Tough Choices To Follow Vote


BRAZIL'S inflation rate is rampaging at 50 percent per month. Reflecting the soaring prices and lack of confidence in the government, monthly interest rates are hitting 60 percent. In an effort to preserve its dollar reserves, Brazil in September failed to pay $2-3 billion in interest on its foreign debt. Because Brazil's economic management is so bad, the International Monetary fund (IMF) is withholding a $600 million loan. One of its conditions was that Brazil would reduce inflation to 600 percent in 1988. Instead, the rate was 900 percent.

Analysts believe that, to get a handle on this potential economic disaster, the president Brazilians will elect on Sunday will have to take some of these actions:

Clean up the budget deficit. Brazil has an internal debt of $90 billion. ``They have been printing money as if it's going out of style,'' says Walter Wriston, the former chairman of Citicorp.

The deficit has been growing in large part because of the large inflation rate. Government salaries and welfare programs are all indexed to the inflation rate. So is the interest rate the government pays to finance the debt. Since most of the debt is very short-term, it requires constant refinancing at higher and higher interest rates. ``We have a systemic problem,'' says Mario Henrique Simonsen, a former minister of finance.

End subsidies. A substantial portion of the government's deficit is made up of subsidies to state-run businesses such as the giant electrical utility companies. Stuffed into these companies are well-paid bureaucrats who will fight hard to prevent the dismantling of the state system.

Leading presidential candidate Fernando Collor de Mello promises to begin privatizing these companies. According to Ernesto Lozardo, an economic adviser to Mr. Collor, as workers are laid off, they will go into a ``pool'' where they will be sent to work in other departments.

Make the central bank independent of the treasury. ``A strong central bank could squeeze the inflation out very quickly,'' says Mr. Simonsen. However, to date politicians have found it more convenient to have an easy monetary policy.

End indexation.

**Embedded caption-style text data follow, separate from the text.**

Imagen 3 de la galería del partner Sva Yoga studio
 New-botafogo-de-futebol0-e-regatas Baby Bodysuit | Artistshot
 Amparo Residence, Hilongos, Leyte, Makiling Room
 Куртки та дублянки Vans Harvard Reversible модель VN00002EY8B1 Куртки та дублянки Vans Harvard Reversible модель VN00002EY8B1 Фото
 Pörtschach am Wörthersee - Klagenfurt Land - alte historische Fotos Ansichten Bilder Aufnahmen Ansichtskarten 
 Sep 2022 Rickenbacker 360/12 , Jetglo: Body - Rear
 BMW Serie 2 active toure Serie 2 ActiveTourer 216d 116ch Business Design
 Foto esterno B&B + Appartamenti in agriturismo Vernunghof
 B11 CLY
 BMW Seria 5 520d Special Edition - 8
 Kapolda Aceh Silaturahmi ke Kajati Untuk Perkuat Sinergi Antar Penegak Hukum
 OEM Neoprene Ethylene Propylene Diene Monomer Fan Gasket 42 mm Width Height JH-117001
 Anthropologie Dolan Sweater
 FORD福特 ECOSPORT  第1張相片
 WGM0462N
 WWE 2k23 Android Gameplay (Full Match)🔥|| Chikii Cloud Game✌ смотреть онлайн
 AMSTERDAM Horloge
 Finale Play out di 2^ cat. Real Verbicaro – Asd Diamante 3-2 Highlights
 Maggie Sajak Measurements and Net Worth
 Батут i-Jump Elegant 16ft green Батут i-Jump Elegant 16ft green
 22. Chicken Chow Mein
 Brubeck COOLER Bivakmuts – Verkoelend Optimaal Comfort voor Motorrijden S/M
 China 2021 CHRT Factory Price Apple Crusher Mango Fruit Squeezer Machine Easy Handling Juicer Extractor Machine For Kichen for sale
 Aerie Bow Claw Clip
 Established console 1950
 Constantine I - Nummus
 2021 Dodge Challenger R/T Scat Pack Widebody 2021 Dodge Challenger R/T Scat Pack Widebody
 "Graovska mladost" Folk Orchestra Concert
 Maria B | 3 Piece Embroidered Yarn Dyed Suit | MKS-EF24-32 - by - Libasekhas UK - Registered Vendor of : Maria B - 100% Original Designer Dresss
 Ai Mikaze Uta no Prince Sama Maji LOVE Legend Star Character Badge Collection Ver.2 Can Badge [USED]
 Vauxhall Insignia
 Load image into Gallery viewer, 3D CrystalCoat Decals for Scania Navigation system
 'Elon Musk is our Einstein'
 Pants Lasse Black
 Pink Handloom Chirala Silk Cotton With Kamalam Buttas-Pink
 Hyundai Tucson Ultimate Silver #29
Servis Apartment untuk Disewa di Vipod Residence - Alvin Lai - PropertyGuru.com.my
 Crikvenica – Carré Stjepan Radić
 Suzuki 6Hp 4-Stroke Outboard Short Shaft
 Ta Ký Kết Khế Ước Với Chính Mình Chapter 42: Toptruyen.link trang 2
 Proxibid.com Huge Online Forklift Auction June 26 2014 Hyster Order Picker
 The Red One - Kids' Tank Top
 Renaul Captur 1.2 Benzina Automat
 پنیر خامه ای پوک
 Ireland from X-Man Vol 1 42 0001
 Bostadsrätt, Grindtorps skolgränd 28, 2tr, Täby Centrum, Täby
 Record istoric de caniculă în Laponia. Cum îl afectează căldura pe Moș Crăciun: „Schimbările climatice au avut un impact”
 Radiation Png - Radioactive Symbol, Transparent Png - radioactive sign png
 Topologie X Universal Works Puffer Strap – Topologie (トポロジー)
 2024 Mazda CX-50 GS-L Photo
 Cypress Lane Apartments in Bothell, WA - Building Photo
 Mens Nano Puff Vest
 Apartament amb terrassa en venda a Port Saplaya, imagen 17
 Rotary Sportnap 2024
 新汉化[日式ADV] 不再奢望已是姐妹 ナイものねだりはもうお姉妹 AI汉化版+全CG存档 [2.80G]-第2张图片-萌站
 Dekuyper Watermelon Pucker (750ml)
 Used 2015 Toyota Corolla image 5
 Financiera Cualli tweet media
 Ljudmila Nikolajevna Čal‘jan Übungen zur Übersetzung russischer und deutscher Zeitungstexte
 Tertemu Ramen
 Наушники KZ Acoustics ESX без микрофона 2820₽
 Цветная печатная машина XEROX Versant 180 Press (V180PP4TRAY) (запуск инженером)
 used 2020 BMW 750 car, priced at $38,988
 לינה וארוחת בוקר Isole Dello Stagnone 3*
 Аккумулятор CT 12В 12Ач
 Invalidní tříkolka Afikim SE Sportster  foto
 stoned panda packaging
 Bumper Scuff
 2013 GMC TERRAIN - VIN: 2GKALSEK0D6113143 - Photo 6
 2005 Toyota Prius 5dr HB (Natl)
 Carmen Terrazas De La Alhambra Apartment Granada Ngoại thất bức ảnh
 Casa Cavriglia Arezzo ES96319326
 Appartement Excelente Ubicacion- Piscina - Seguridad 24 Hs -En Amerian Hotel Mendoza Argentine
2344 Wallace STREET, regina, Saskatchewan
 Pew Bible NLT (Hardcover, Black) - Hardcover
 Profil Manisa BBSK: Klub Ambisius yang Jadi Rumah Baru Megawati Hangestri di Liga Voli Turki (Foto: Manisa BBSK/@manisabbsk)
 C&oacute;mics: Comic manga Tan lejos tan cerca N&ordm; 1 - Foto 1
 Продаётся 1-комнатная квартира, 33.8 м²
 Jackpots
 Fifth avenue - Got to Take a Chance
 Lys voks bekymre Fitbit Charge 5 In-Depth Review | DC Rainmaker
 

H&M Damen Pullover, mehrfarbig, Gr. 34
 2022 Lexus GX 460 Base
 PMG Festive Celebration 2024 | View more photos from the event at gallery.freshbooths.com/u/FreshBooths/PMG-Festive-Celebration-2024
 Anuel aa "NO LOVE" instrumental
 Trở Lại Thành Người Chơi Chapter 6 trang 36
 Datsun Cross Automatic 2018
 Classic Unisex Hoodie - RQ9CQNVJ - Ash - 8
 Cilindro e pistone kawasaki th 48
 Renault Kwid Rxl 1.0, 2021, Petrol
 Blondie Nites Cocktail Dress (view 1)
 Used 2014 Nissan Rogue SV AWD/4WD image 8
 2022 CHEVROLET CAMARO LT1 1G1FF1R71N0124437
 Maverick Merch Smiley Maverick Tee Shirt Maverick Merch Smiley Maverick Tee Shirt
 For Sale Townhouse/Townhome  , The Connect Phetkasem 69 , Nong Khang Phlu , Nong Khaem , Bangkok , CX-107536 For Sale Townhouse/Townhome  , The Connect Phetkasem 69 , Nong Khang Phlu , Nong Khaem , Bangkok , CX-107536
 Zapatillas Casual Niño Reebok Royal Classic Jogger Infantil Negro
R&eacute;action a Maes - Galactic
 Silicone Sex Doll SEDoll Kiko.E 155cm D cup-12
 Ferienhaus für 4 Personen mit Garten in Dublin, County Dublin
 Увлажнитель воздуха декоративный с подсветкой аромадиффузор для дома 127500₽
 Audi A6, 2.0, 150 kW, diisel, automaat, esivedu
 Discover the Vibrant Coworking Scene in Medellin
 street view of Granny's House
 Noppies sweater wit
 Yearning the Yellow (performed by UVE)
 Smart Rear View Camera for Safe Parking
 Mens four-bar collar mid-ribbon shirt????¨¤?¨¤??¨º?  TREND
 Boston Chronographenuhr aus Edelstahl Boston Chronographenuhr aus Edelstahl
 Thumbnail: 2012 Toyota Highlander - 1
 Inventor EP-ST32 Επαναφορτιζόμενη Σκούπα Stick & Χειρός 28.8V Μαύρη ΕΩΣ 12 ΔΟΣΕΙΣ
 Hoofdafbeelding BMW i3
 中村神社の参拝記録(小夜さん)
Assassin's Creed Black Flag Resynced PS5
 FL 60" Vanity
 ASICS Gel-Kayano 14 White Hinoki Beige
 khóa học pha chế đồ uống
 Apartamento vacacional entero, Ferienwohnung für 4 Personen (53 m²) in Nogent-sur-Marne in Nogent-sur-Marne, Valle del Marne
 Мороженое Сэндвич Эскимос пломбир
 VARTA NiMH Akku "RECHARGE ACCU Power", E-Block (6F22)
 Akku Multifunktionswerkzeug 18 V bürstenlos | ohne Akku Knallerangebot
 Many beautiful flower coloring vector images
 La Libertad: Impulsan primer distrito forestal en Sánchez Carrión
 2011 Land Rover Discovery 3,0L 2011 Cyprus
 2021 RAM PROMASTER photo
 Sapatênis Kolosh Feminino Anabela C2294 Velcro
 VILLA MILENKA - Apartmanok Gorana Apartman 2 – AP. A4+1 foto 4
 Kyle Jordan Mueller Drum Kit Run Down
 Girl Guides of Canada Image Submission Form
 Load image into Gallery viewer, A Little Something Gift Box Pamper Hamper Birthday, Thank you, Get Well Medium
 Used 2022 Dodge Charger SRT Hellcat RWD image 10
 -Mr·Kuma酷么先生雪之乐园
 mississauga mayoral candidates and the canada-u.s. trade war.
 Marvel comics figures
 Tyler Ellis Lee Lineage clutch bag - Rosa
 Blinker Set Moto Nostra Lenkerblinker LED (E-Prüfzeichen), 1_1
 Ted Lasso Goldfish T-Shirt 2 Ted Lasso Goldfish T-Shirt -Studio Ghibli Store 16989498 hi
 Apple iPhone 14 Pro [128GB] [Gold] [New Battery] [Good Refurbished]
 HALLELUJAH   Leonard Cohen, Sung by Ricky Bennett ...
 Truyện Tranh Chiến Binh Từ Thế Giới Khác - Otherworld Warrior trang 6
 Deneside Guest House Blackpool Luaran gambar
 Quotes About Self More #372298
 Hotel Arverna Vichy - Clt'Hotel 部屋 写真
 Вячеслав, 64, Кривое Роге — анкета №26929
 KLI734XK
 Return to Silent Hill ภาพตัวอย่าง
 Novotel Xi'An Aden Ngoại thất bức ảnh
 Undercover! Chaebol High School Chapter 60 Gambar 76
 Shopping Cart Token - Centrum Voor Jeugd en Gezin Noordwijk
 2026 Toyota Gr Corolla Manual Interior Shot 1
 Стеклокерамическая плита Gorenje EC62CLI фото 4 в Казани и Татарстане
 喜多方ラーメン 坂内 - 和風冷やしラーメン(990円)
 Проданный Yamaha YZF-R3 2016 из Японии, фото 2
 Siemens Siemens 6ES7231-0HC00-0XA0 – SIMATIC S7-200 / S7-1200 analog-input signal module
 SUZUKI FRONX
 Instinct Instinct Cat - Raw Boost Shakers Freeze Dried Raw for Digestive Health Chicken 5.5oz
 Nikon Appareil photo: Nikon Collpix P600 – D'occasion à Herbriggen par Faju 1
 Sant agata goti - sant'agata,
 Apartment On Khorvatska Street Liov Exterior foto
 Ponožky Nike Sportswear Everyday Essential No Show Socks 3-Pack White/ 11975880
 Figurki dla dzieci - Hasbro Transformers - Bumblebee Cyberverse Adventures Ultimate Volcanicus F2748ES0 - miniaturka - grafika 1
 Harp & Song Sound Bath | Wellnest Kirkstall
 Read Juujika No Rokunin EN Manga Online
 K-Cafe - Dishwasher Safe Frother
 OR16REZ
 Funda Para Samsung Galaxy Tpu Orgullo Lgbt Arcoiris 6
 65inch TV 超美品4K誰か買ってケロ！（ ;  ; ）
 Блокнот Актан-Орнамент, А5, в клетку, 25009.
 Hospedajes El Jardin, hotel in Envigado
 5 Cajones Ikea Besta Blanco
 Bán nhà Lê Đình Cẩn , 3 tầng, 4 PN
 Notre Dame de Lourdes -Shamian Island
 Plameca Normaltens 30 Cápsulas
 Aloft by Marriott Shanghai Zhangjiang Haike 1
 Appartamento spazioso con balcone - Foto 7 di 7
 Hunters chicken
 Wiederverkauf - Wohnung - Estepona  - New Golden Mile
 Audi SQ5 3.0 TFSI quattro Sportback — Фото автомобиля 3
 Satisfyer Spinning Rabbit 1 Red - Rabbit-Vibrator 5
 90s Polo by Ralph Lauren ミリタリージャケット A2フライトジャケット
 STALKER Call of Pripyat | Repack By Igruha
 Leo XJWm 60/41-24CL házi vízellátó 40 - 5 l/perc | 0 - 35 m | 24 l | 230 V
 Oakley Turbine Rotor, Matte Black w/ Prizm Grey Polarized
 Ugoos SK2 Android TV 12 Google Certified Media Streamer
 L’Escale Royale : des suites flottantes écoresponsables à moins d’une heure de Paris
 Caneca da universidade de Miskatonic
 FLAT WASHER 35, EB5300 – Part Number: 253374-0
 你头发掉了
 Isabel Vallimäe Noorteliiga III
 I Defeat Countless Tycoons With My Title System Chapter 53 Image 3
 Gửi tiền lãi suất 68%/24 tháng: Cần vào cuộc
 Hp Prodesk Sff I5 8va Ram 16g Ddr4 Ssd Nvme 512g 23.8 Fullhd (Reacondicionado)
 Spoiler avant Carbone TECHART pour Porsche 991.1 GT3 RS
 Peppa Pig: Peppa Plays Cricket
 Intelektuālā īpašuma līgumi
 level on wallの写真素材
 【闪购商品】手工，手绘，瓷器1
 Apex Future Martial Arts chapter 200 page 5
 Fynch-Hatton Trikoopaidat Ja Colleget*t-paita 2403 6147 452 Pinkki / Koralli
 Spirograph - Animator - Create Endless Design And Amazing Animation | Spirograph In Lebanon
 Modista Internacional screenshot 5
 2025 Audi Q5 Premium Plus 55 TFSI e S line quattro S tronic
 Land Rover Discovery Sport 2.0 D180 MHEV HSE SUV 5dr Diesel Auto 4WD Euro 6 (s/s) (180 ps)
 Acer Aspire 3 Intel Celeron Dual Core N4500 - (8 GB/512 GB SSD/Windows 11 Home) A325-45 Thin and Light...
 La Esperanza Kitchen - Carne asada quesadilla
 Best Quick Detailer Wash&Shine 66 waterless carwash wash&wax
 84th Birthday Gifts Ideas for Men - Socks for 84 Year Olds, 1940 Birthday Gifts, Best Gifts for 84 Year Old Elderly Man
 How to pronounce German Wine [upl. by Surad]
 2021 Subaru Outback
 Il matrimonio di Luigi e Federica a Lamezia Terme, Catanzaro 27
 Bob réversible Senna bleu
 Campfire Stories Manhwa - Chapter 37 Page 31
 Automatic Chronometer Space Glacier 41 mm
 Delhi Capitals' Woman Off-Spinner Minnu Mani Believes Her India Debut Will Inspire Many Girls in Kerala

Price increases beget wage increases beget more inflation ... Economists refer to this as ``inertial inflation.'' William Cline, an economist with the International Institute of Economics in Washington, believes the least painful way to end the cycle is with a wage and price freeze. Understandably, Brazilians are jaded about such freezes since they have not held up before. However, they may be forced into some form of de-indexation.

Rework the tax system. Tax evasion is an art in Brazil, with many companies keeping separate books for the tax collectors. James Henry, author of ``The Debt Hoax,'' says in his book that evasion can be as high as 50 percent depending on the tax.

Renegotiate the external debt. Both candidates plan to do this. The interest on the $111 billion amounts to $10 billion a year. With reserves of $17 billion, Brazil can afford to pay the back interest it owes. This would make renegotiation easier next year.

The new president is scheduled to take office in March. An IMF official says the agency will visit Bras'ilia shortly afterward. It is also likely that commercial bankers will begin negotiating on the debt next year. Predicts an IMF official, ``The negotiations will be long and protracted.''

Simonsen believes Brazilians will give the new president six months to make progress on inflation. Without significant improvement Simonsen forsees political turbulence.